Maize production per hectare requires more water than wheat under all conditions. This is because maize has a much shorter growing period than wheat. The yield of wheat under sufficient water conditions is 93% larger than for rain-fed. This indicates that irrigation plays a vital role in the wheat growing period. For maize, the yield is relatively good even without irrigation, because it mainly grows in the rainy season and there is sufficient water during the crop-growing period.
For both wheat and maize, the unit WF under sufficient irrigation conditions was lower than rain-fed and crops under insufficient irrigation conditions (
Table 6). This is because irrigation can significantly improve the crop yield, though more blue water is required. The result is close to other studies [
17].
5. Summary and Conclusions
The spatial and temporal characteristics of WF of wheat and maize are analyzed in the period 1956–2015 in the HRB. The major portion of total WF comes from green water, especially for maize production, indicating that we should pay more attention to the management of rain water in the future. In all, 19% and 24% of total WF are required to eliminate agricultural water pollution for wheat and maize, respectively. Those are much higher percentages than the world average, indicating that fertilizer use efficiency should be improved in the future. The total WF of wheat and maize varied largely in 1956–2015, mainly following the changing planting areas.
Per ton of crop, wheat (1581 m3 t−1) required more water than maize (1275 m3 t−1). The unit WF of wheat and maize both have exponentially decreasing trends due to increasing production, indicating that water use efficiency has improved. However, increased production was mainly caused by increased fertilizer use, resulting in increased grey water.
Considering the total WF of crop production allocation based on administrative districts (only the area located in the HRB was considered), Hebei Province has the largest WF of both wheat and maize, which accounts for 61% of the total WF, followed by Shanxi (16%), and Beijing and Tianjin account for 2% and 4% of the total WF, respectively. The allocation of WF between administrative districts within the HRB provides an effective way to reduce the conflict among different regions over competition for limited water resources.
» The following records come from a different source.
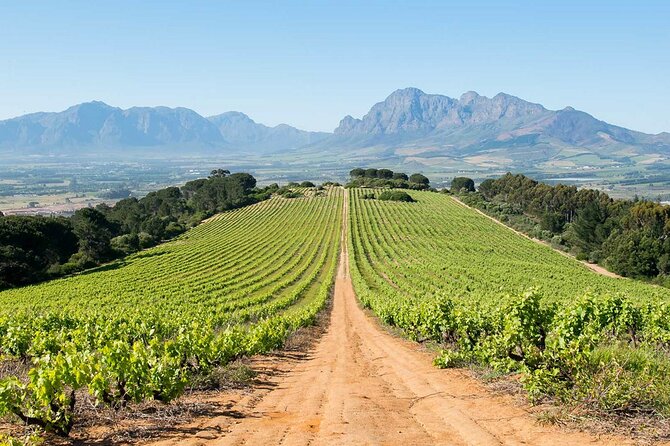 Experience 16 Wine Tasting & 6 Cheese Pairing across 3 Vineyards - What this Cape Town wine day is really like
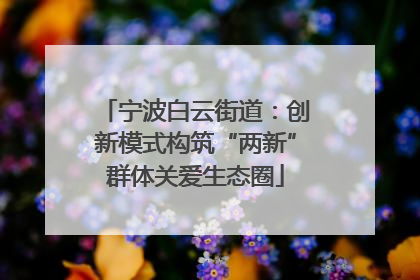 宁波白云街道：创新模式构筑“两新”群体关爱生态圈
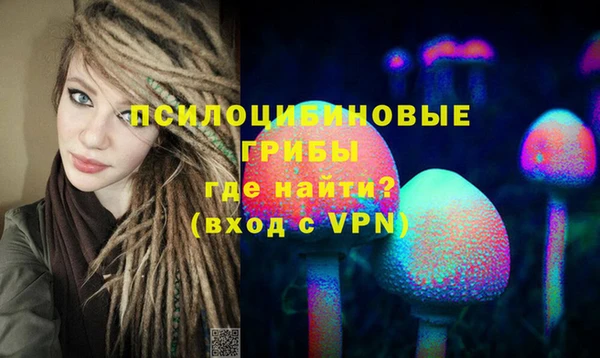 2c-b Беломорск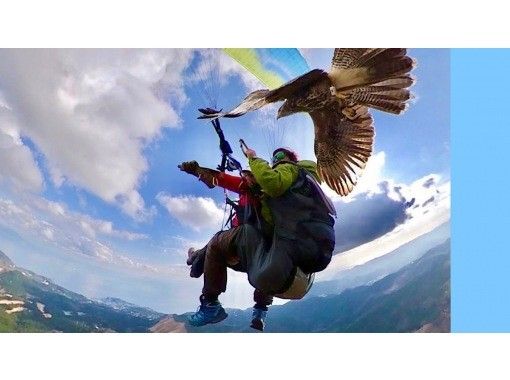 【静岡・伊豆】 国内唯一！鷹といっしょに飛べるパラホーキング体験が出来るのはココだけ！360度カメラで映える画像GETの画像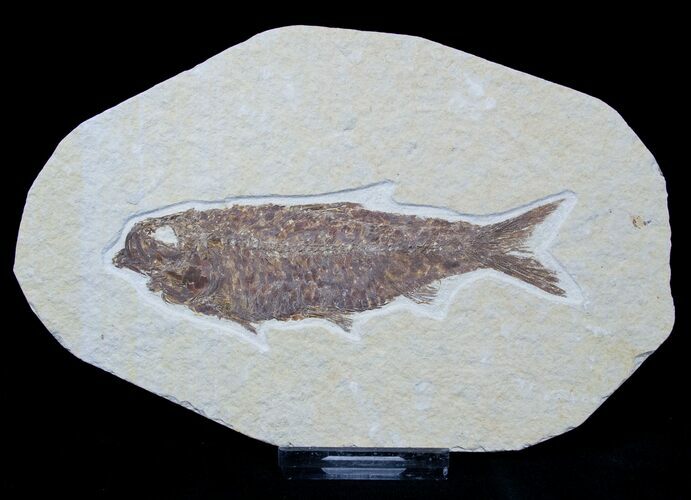 Inch Knightia Fossil - Nice Preservation #1581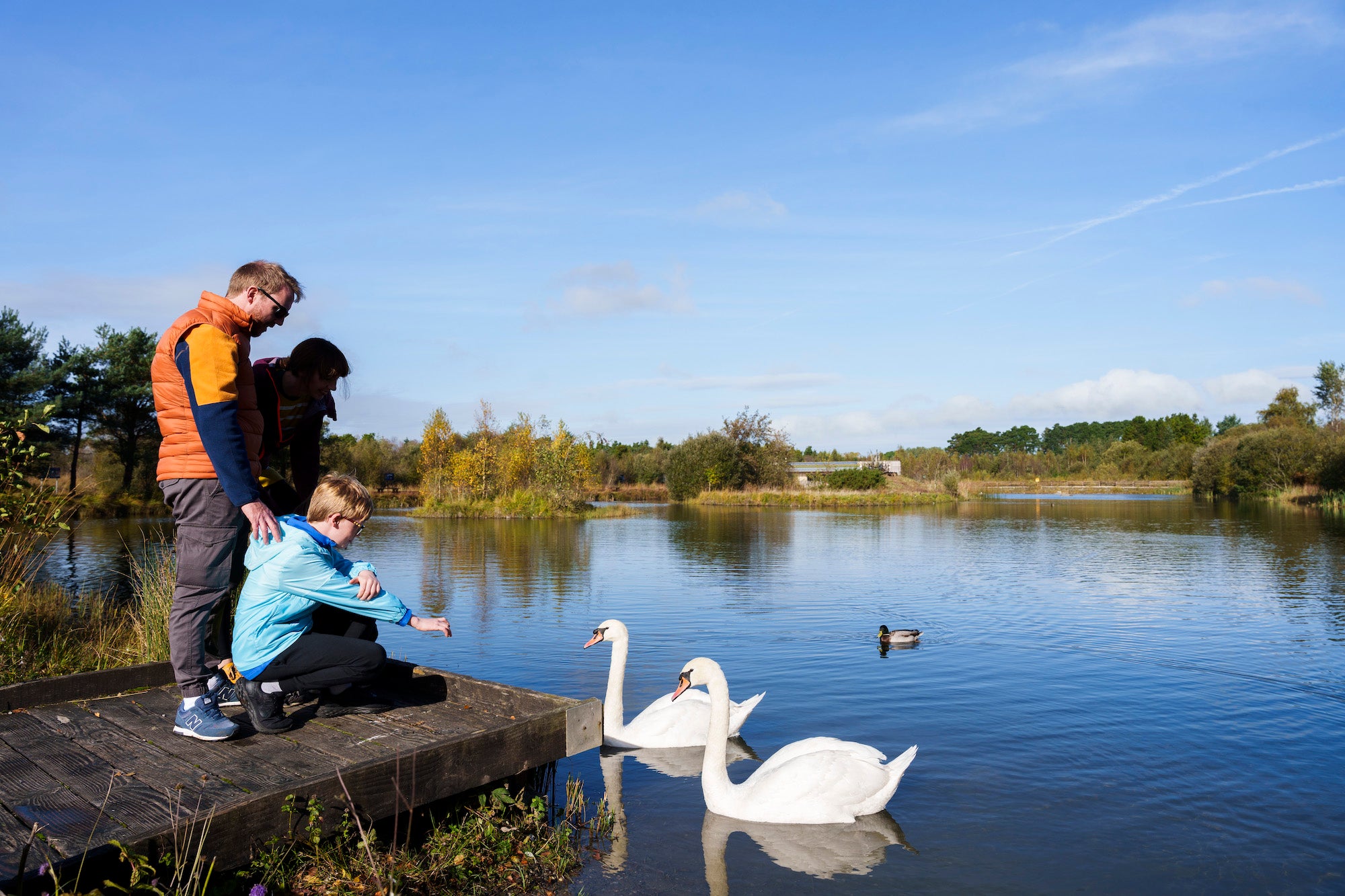 A family of three feeding swans at the Lough Boora Discovery Park in County Offaly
The WF varies largely in space. Spring maize has relatively larger unit WF than summer maize. Tianjin has the largest unit WF for wheat because of the poor yield and large application of fertilizer. Other factors might also cause poor crop yield, such as soil physicochemical properties and management practices. These factors should be further studied to improve water productivity. Spring maize has relatively larger unit WF than summer maize due to the longer growing period.
A comparison was made of the WF of wheat and maize under different irrigation conditions. Maize production per hectare requires more water than wheat for all conditions. For both wheat and maize, the unit WF under sufficient irrigation conditions is lower than rain-fed and crops under insufficient irrigation conditions, though much blue water is consumed.
Overall, this study assessed the WF of wheat and maize in HRB of Northern China over the period 1956–2015. The WF analysis for wheat and maize in the HRB shows very large spatial and temporal variations. Analyzing the spatial and temporal characteristics of WF is helpful for basin agencies to make proper water management decisions to improve agricultural water use efficiency and control diffuse agricultural water pollution.
In future studies, in order to improve the accuracy of WF assessment, high-resolution climate datasets and detailed soil datasets should be considered. Meanwhile, in order to obtain more accurate WF and calibrate and validate the model parameters, the soil water conditions and crop growing status in the HRB should be monitored by field experiments.